Historical Studies: Disciplines and Discourses
An International Conference on the History and Theory of Historical Studies
Central European University
Pasts, Inc. Center for Historical Studies
Budapest
October 21-24, 2004
Fifteen years after the fall of the Berlin Wall, it is time to assess the state of the art in the history and theory of historiography: Eastern Europe has replaced Communist tyranny with democracy, and much of it has joined the European Union; the Cold War and its associated ideological, cognitive, epistemological, symbolic geographical, geopolitical, metaphysical grand narratives are subsiding; new histories are being made, experienced, and written.

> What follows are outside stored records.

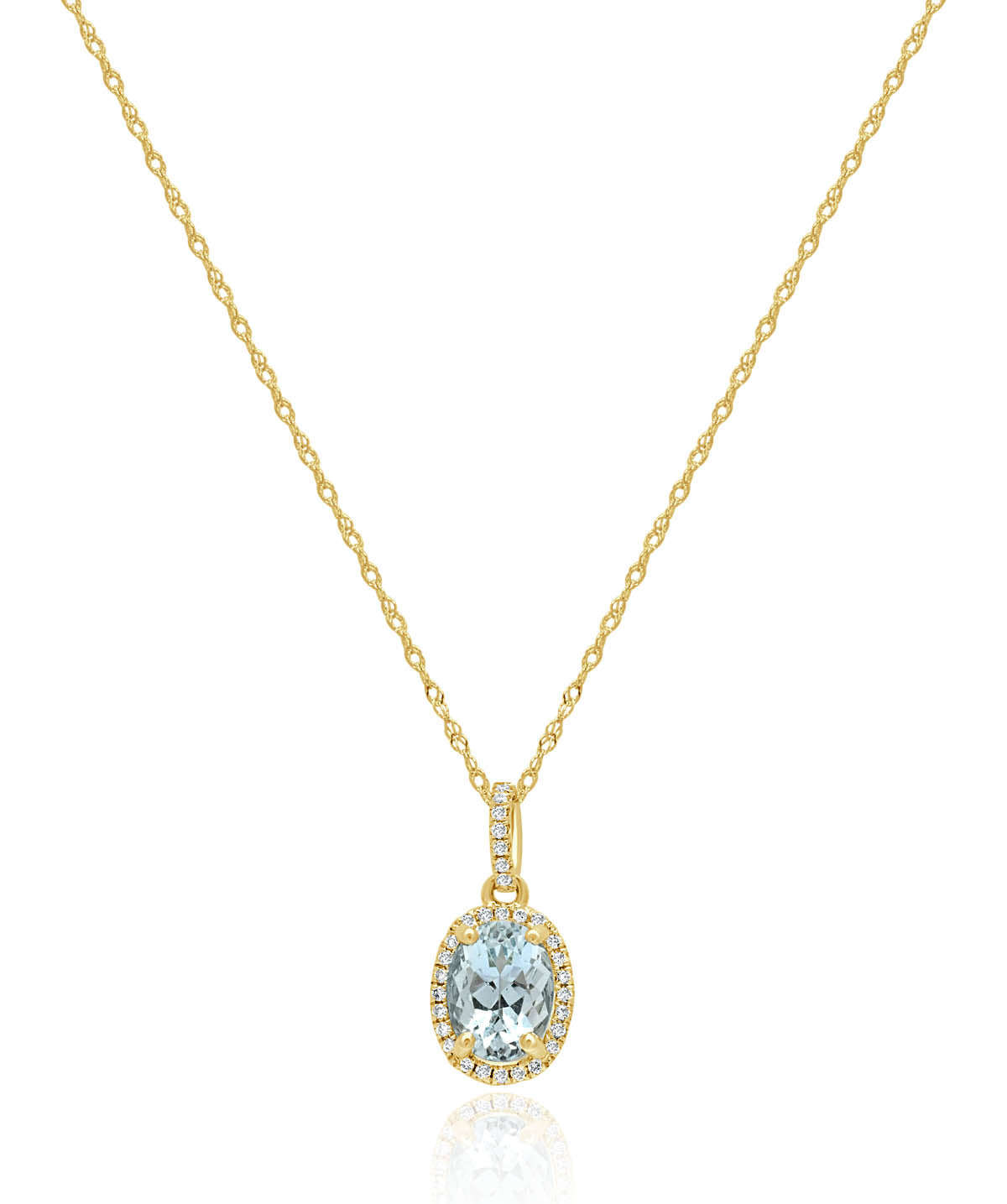 14K Yellow Gold Aquamarine and Diamond Halo Pendant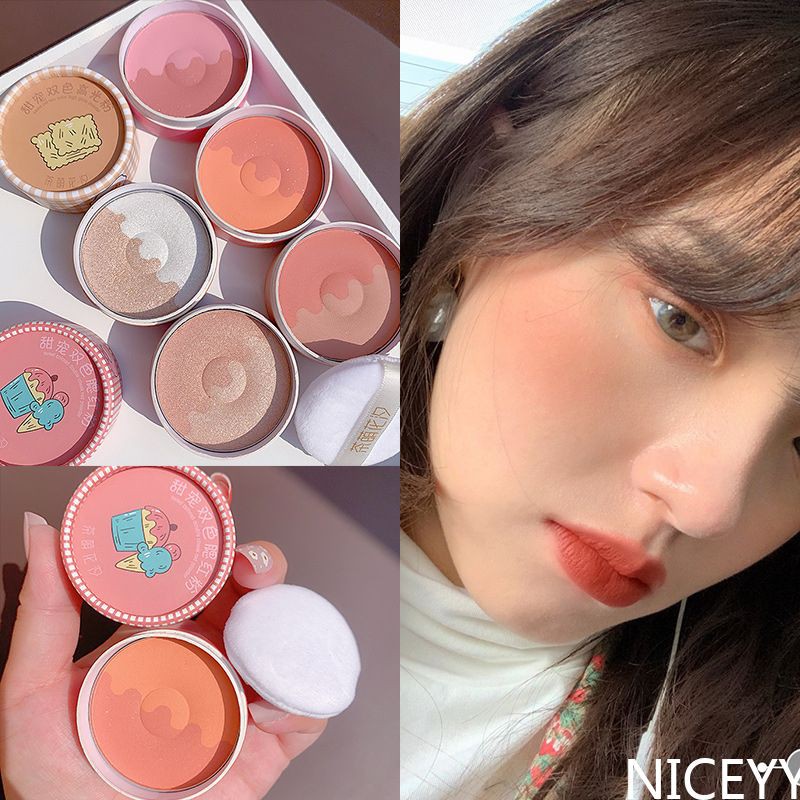 (Hàng Mới Về) Phấn Má Hồng Hai Màu Trang Điểm Ngọt Ngào Cho Nữ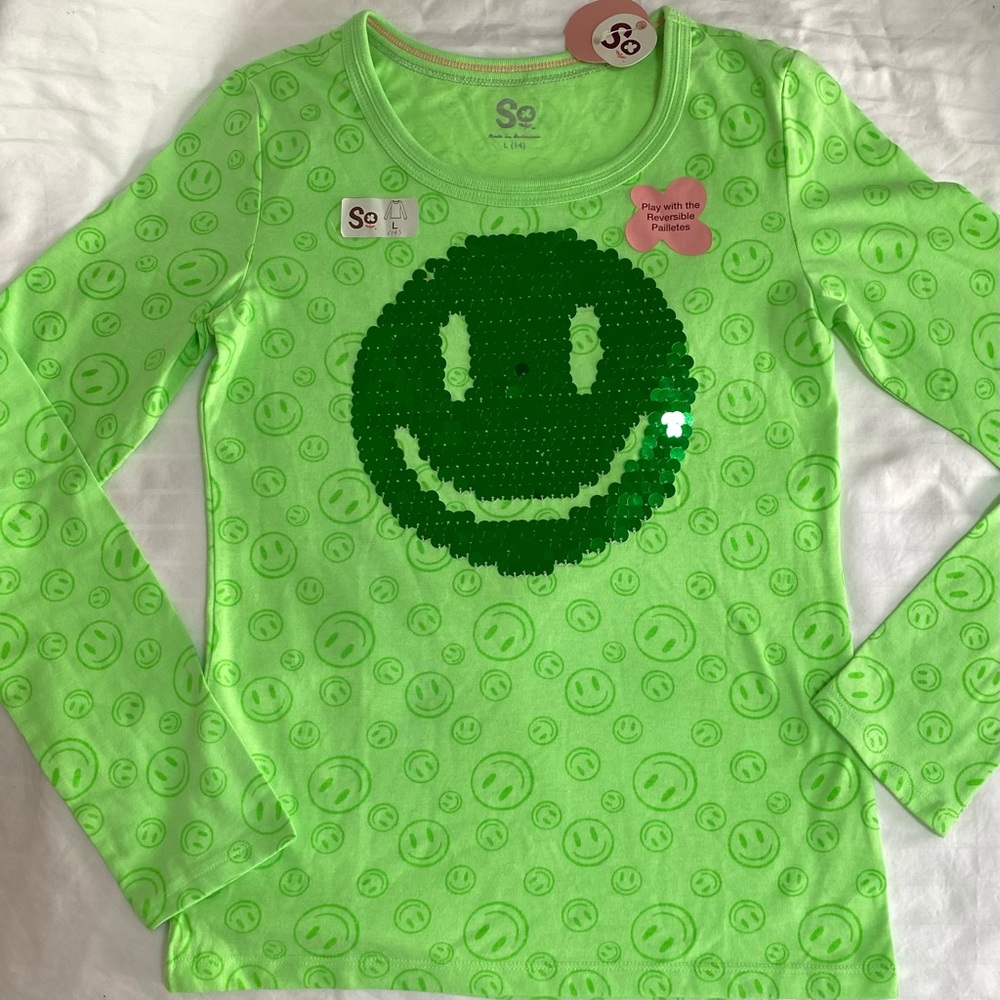 SO Emoji Reversible Sequin Kids Long Sleeve Shirt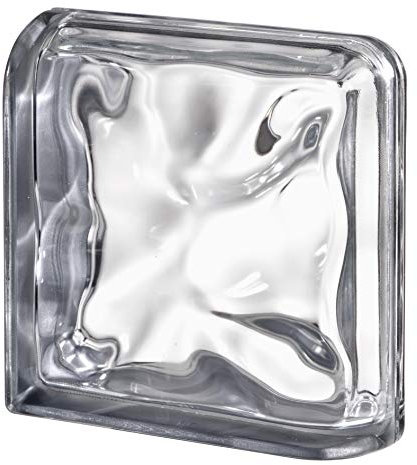 Terminal Curvo Agua Reflejos Antracita para paredes de bloques de vidrio | cm 19x19x8 | Unidad de venta 1 pieza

Half a generation after 1989, while busy distancing the twentieth century, we need to reconsider theories, methods, paradigms, topics, canons, vulgates, clichés, and maybe even some of the basics of our trade.
Less than one year before the 20th International Congress of Historical Sciences (Sydney, July 3-9, 2005), various particular and general visions of these basics ought to be examined in a global perspective. To do so, a major international conference is convened in Budapest, at Central European University (CEU: www.ceu.hu). The conference was initiated and is hosted by CEU’s Pasts, Inc. Center for Historical Studies (www.ceu.hu/pasts). Four related events will be integrated with the conference: (a) the first Jan Comenius Lectures on the Humanities, delivered by Hayden White from October 15th to October 19th; (b) the third meeting of the Regional Seminar on Recent History, devoted to the preparation of a collective volume on the historiography of Eastern Europe’s recent pasts (October 20); (c) a day of activities devoted to the discussion of “History Textbooks in the Public Sphere” (scholarly panel, opening of a textbook exhibition, public debate, concert) in the framework of the Day of French-German Friendship; (d) a workshop on “Representations of the Past: National Histories in Europe”, part of a larger research project funded by the European Science Foundation.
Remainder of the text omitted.